**WORK TO COMPLETE**
Beginning with the line that holds "Xiaomi Poco X8 Pro (8GB RAM)", output every remaining line of the material below exactly, and include none of the pictures.

Content starts

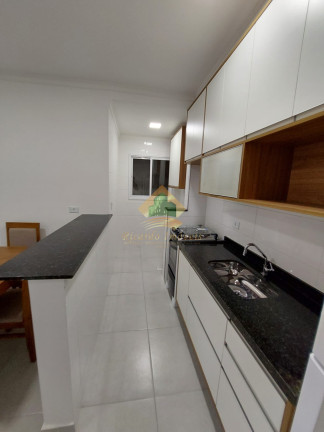 Imagem Apartamento com 2 Quartos à Venda, 68 m² em Centro - Ubatuba Imagem Apartamento com 2 Quartos à Venda, 68 m² em Centro - Ubatuba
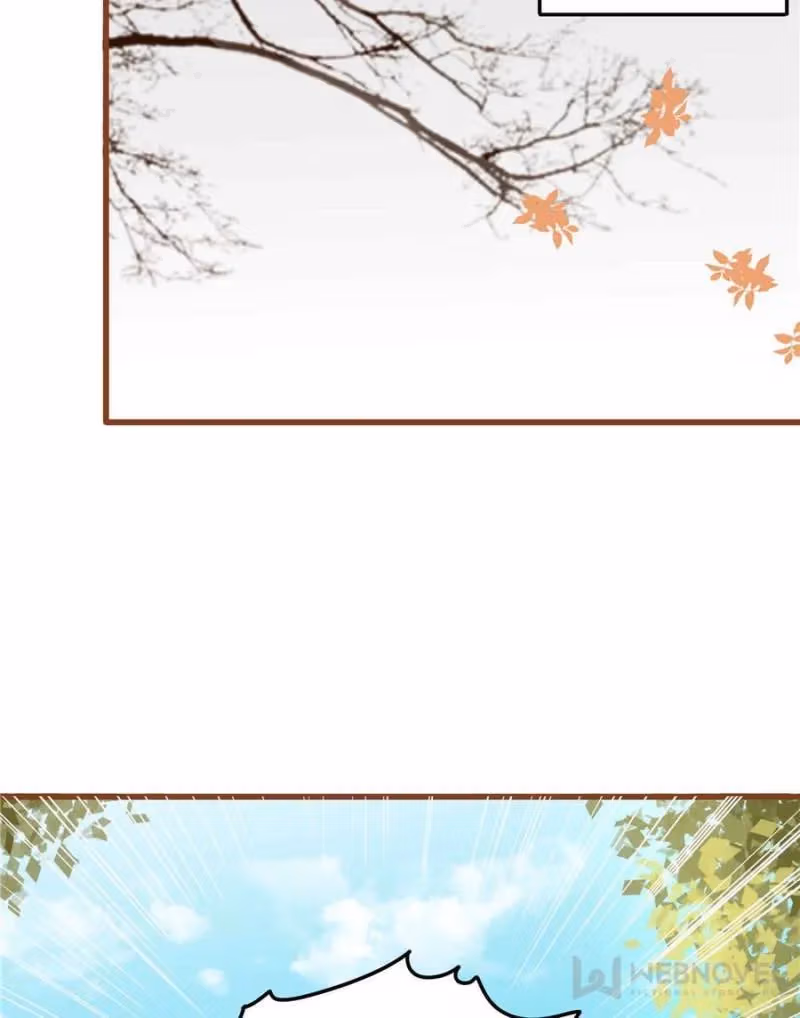 Supporting Actor's Survival Game Chapter 52 page 2 - 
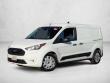 Used 2020 Ford Transit Connect XLT Van Cargo Van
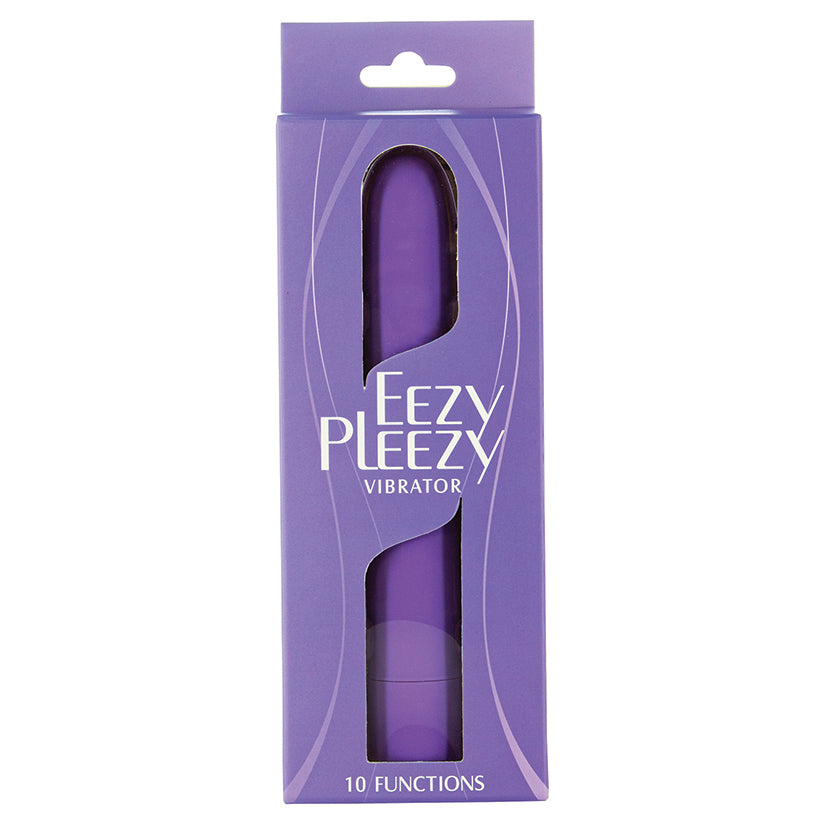 PowerBullet-Eezy-Pleezy-Vibrator-Purple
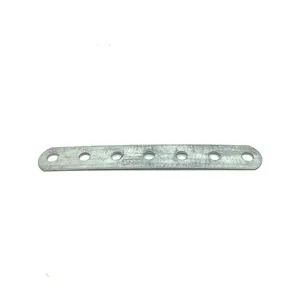 Eaton Bracket 268108 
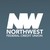 Northwest Federal Credit Union logo
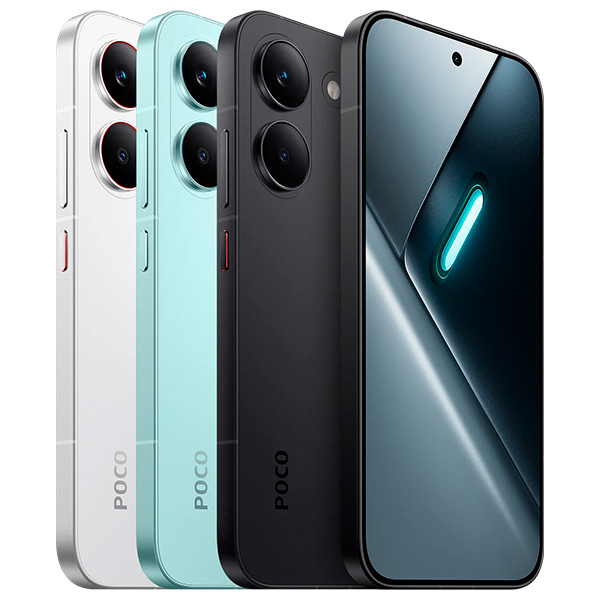 Xiaomi Poco X8 Pro (8GB RAM)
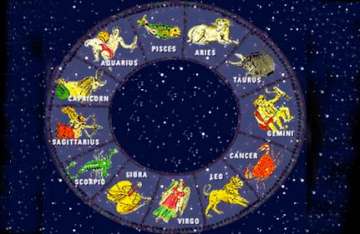 astrology is a 4 000 year old science centre tells court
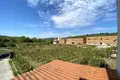 Дом 360 м² Novosele, Албания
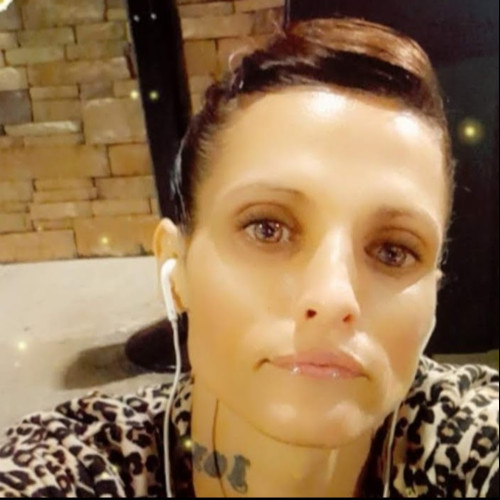Nico D. profile photo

Content ends

**ANSWER AREA**
 Xiaomi Poco X8 Pro (8GB RAM)
 astrology is a 4 000 year old science centre tells court
 Дом 360 м² Novosele, Албания
Nico D. profile photo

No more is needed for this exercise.